* **What this task involves**: Write out nothing except the lines of the entries below, from the first through the one containing "Brass Mountain Connectors, 24", exactly and without pictures.

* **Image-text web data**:

#####

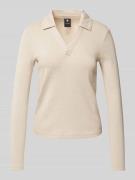 G-Star Raw Strickpullover mit Resortkragen in Beige, Größe XL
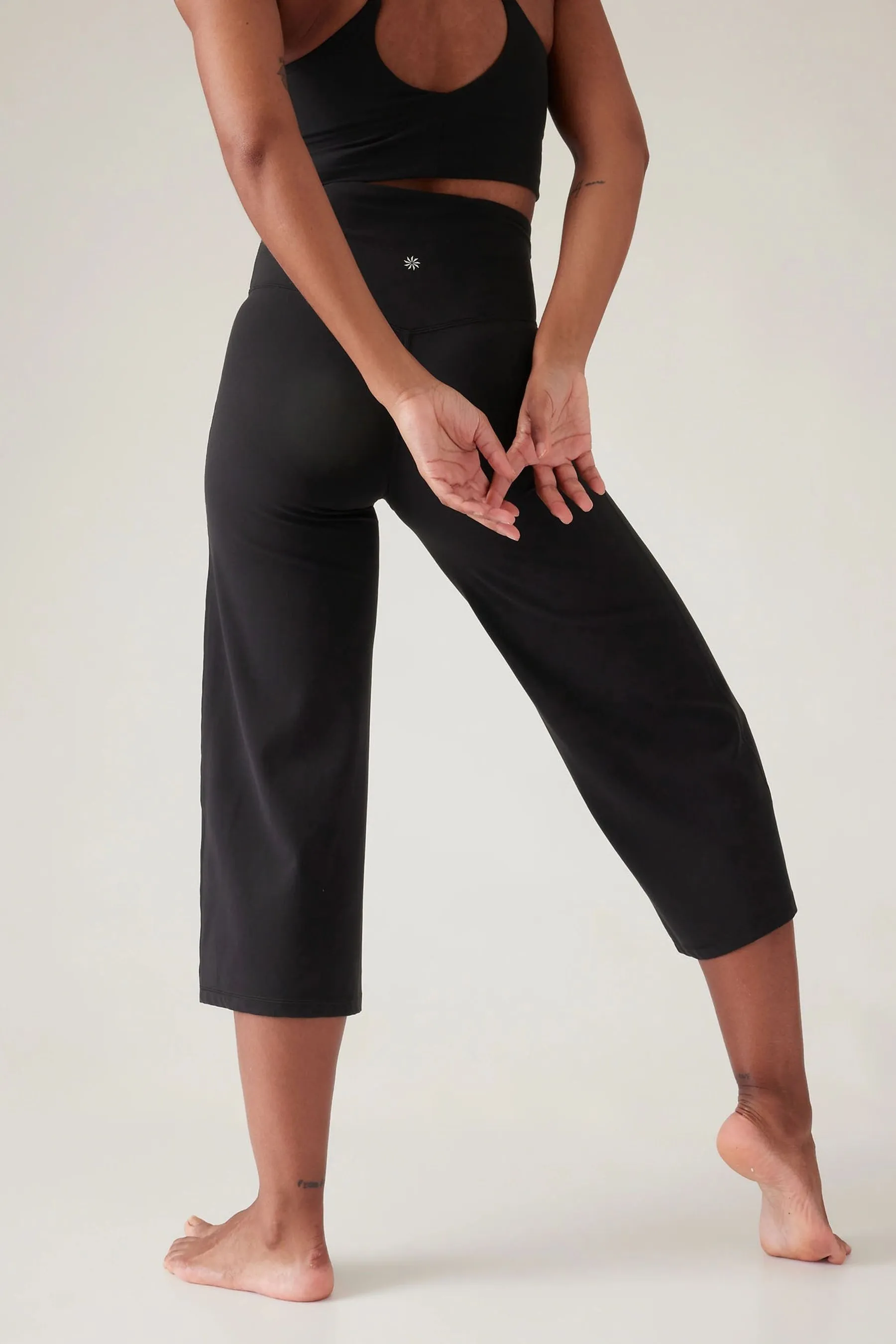 Athleta Black Elation Wide Crop Leggings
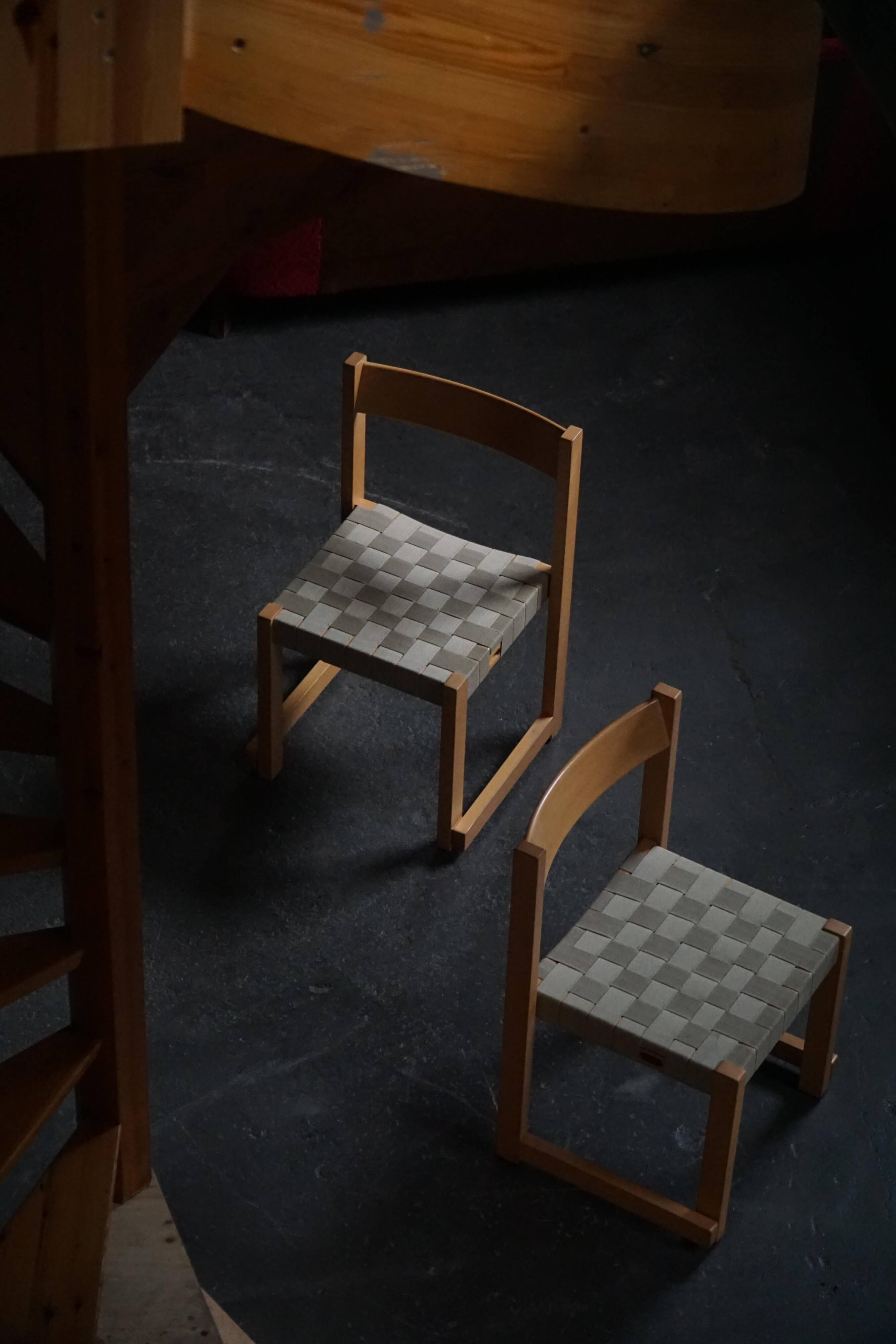 Hans J. Wegner, 'Koldinghus' chairs in beech with woven seat, set of 6, 1988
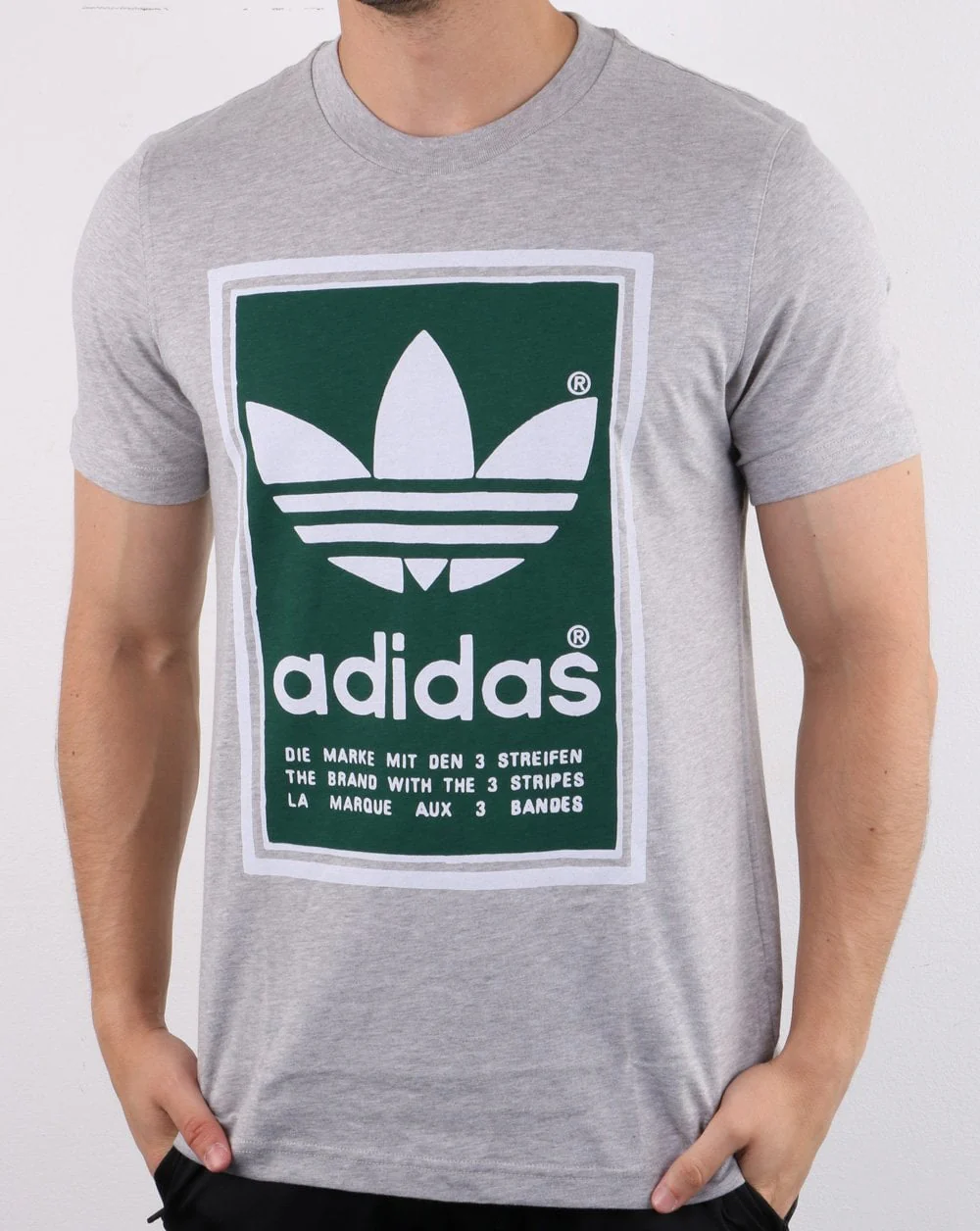 Adidas Originals Filled Label T Shirt Med Grey Heather/green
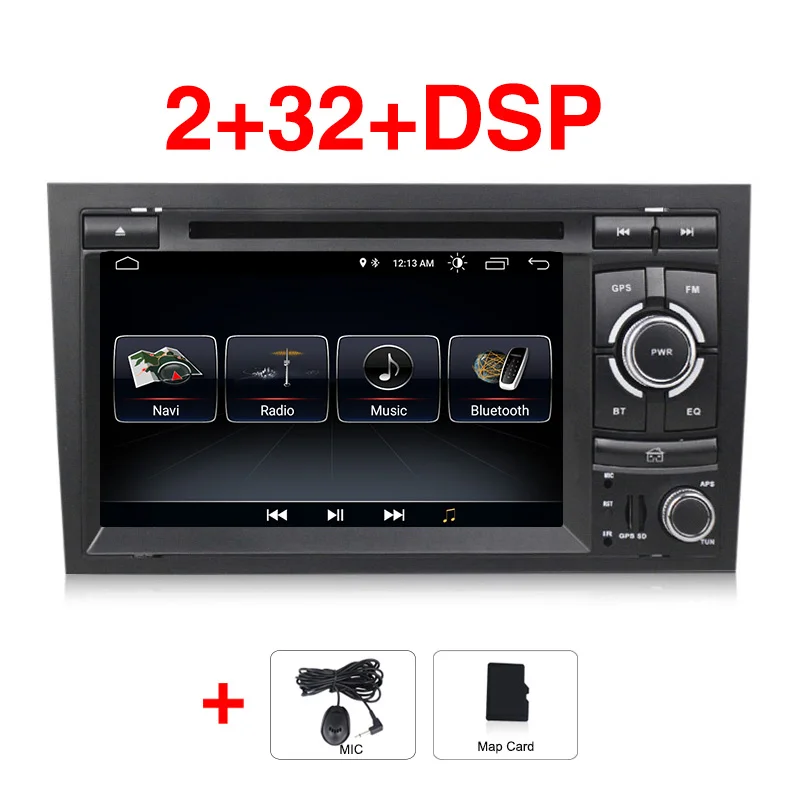 2G-32G DVD NaviFly DSP Android 9 четырехъядерный автомобильный Радио мультимедийный плеер для Audi A4 S4 RS4 2002-2008 с dvd gps функция зеркального соединения 2 Din - Цвет: 2G-32G DVD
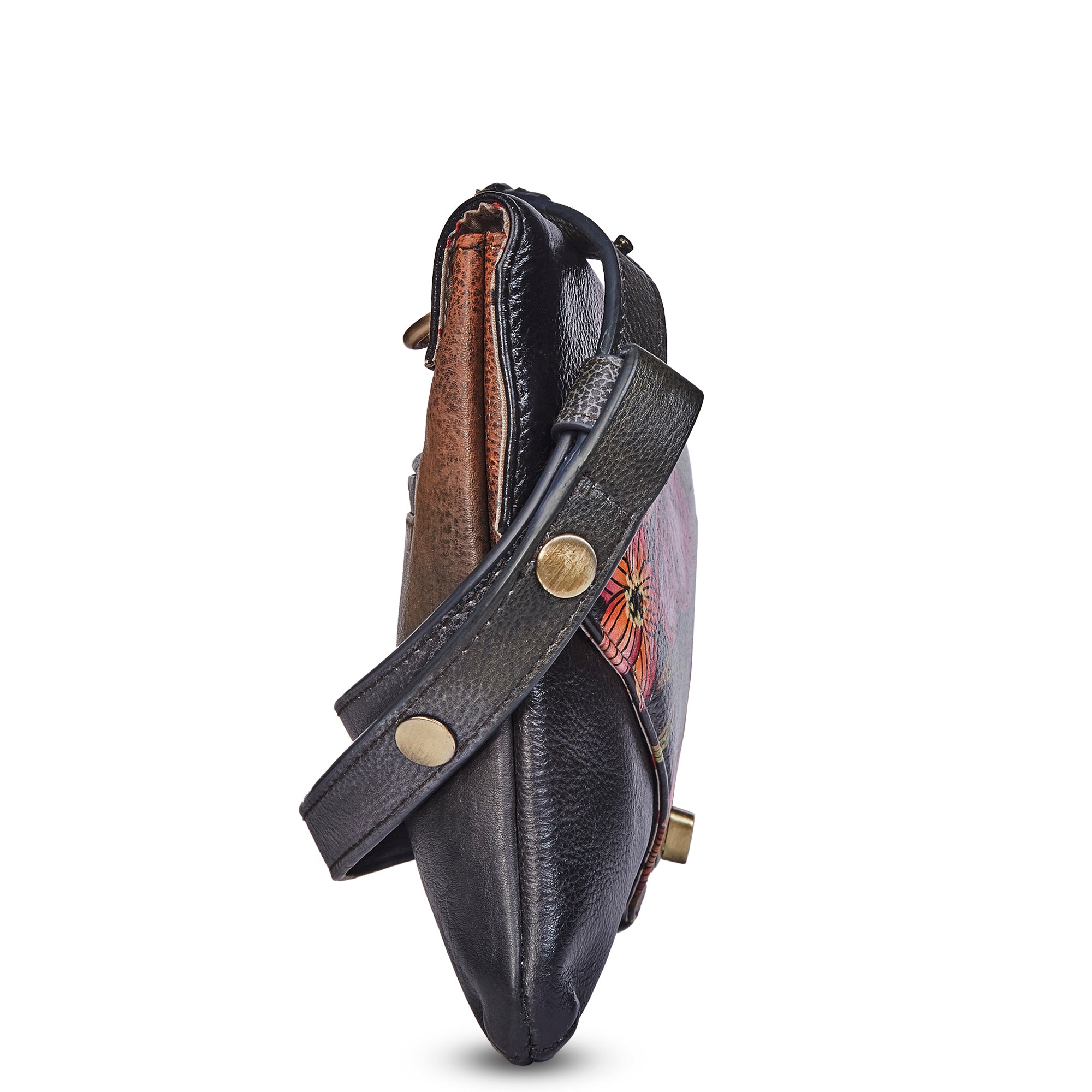 Hand-Painted Black Leather Envelope Clutch Bag for Women - Spring Collection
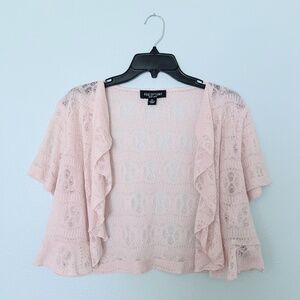 Perceptions New York Blush Pink Short Sleeve Pointelle Knit Waterfall Cardigan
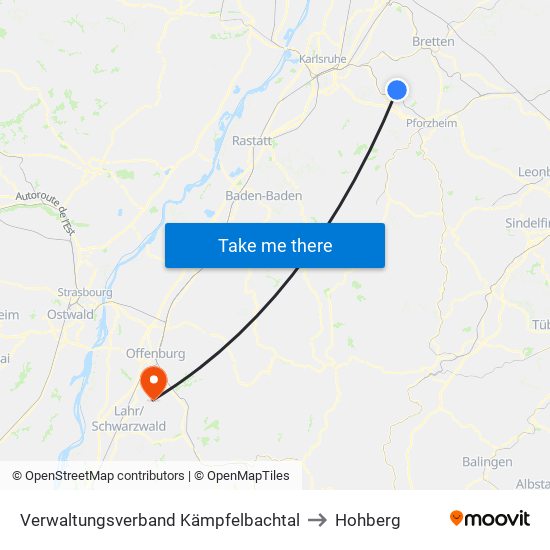 Verwaltungsverband Kämpfelbachtal to Hohberg map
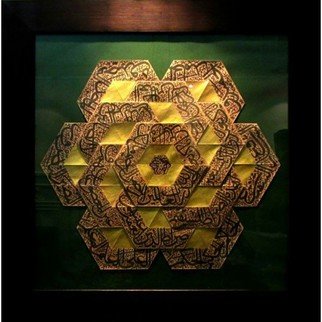 Parastoo Zomorrod; Hexagon Calligraphy, 2018, Original Paper, 60 x 60 cm. Artwork description: 241 Origami, Tessellation, Hexagon, Tessellation...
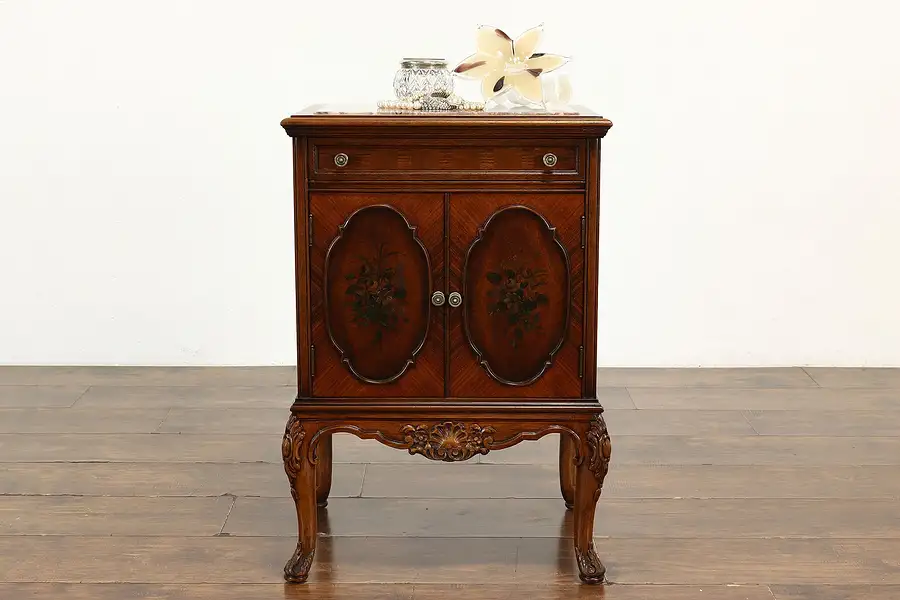 Main image of French Style Antique Marquetry Nightstand, End or Lamp Table, Marble Top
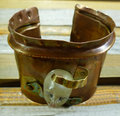 Resin face fold formed cuff bracelet with green patina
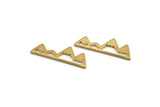 Brass Mountain Connectors, 24 Raw Brass Mountain Shaped Pendants Without Hole, (22x7x1mm) D0827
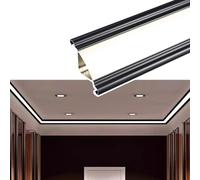 Led Crown Molding Lighting Channel for Wall Ceiling Edge, Lighted Black Crown Molding Trim, Aluminum Alloy Led Baseboard Diffuser with Milky Cover(3.5m(11.5ft))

#####

* **Result of this task**:
 G-Star Raw Strickpullover mit Resortkragen in Beige, Größe XL
 Athleta Black Elation Wide Crop Leggings
 Hans J. Wegner, 'Koldinghus' chairs in beech with woven seat, set of 6, 1988
 Adidas Originals Filled Label T Shirt Med Grey Heather/green
 2G-32G DVD NaviFly DSP Android 9 четырехъядерный автомобильный Радио мультимедийный плеер для Audi A4 S4 RS4 2002-2008 с dvd gps функция зеркального соединения 2 Din - Цвет: 2G-32G DVD
 Hand-Painted Black Leather Envelope Clutch Bag for Women - Spring Collection
 Perceptions New York Blush Pink Short Sleeve Pointelle Knit Waterfall Cardigan
 Verwaltungsverband Kämpfelbachtal to Hohberg map
 Parastoo Zomorrod; Hexagon Calligraphy, 2018, Original Paper, 60 x 60 cm. Artwork description: 241 Origami, Tessellation, Hexagon, Tessellation...
 Main image of French Style Antique Marquetry Nightstand, End or Lamp Table, Marble Top
 Resin face fold formed cuff bracelet with green patina
 Brass Mountain Connectors, 24 Raw Brass Mountain Shaped Pendants Without Hole, (22x7x1mm) D0827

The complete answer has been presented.